[Crawled caption data]
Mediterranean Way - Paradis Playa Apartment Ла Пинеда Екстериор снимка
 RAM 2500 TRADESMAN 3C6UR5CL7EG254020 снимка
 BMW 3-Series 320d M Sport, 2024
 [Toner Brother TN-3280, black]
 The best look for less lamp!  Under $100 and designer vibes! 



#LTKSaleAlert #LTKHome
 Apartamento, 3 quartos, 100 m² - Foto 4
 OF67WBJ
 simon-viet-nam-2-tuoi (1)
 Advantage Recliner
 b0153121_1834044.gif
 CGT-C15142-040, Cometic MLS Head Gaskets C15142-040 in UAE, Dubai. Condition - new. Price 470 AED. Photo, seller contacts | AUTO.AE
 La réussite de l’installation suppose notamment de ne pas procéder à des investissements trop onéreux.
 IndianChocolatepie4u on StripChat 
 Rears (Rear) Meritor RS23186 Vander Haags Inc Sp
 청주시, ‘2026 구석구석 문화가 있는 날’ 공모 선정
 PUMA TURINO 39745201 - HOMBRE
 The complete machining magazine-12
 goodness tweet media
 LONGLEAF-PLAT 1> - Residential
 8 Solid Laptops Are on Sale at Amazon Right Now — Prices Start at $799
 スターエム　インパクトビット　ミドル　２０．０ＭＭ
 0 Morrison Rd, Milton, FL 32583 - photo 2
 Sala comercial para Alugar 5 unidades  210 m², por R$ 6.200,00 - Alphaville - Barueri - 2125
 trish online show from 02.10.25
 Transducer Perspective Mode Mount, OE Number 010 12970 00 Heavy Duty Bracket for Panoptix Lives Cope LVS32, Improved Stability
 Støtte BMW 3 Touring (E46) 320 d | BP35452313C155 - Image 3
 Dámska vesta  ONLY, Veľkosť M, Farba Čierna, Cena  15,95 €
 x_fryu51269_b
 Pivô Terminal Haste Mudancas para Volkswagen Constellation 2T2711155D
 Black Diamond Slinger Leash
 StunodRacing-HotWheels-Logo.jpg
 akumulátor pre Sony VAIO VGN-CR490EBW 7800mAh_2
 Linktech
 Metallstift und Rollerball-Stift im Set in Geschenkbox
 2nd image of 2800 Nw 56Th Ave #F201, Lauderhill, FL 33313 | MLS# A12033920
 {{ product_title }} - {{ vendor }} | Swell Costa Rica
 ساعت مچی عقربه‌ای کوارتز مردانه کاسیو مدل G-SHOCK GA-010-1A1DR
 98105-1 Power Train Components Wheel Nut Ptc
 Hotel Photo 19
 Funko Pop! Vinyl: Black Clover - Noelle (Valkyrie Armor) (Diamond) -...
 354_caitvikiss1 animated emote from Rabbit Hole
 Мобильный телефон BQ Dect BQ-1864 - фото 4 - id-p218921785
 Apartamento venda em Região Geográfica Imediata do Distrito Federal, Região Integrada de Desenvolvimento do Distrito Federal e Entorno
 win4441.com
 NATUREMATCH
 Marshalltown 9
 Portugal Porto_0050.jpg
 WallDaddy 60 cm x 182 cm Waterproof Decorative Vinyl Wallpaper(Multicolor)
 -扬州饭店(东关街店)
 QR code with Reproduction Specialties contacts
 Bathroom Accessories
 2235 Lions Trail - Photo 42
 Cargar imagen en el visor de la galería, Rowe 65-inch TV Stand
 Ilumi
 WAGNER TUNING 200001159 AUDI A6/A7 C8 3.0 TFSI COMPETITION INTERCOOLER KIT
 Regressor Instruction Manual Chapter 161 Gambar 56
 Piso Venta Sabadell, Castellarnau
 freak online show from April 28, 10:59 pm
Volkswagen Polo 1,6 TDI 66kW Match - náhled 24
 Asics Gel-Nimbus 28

WHAT TO WORK ON:
What is needed is a copy of every line above in which "show" appears.

RESULT FOR THIS EXERCISE:
 trish online show from 02.10.25
 freak online show from April 28, 10:59 pm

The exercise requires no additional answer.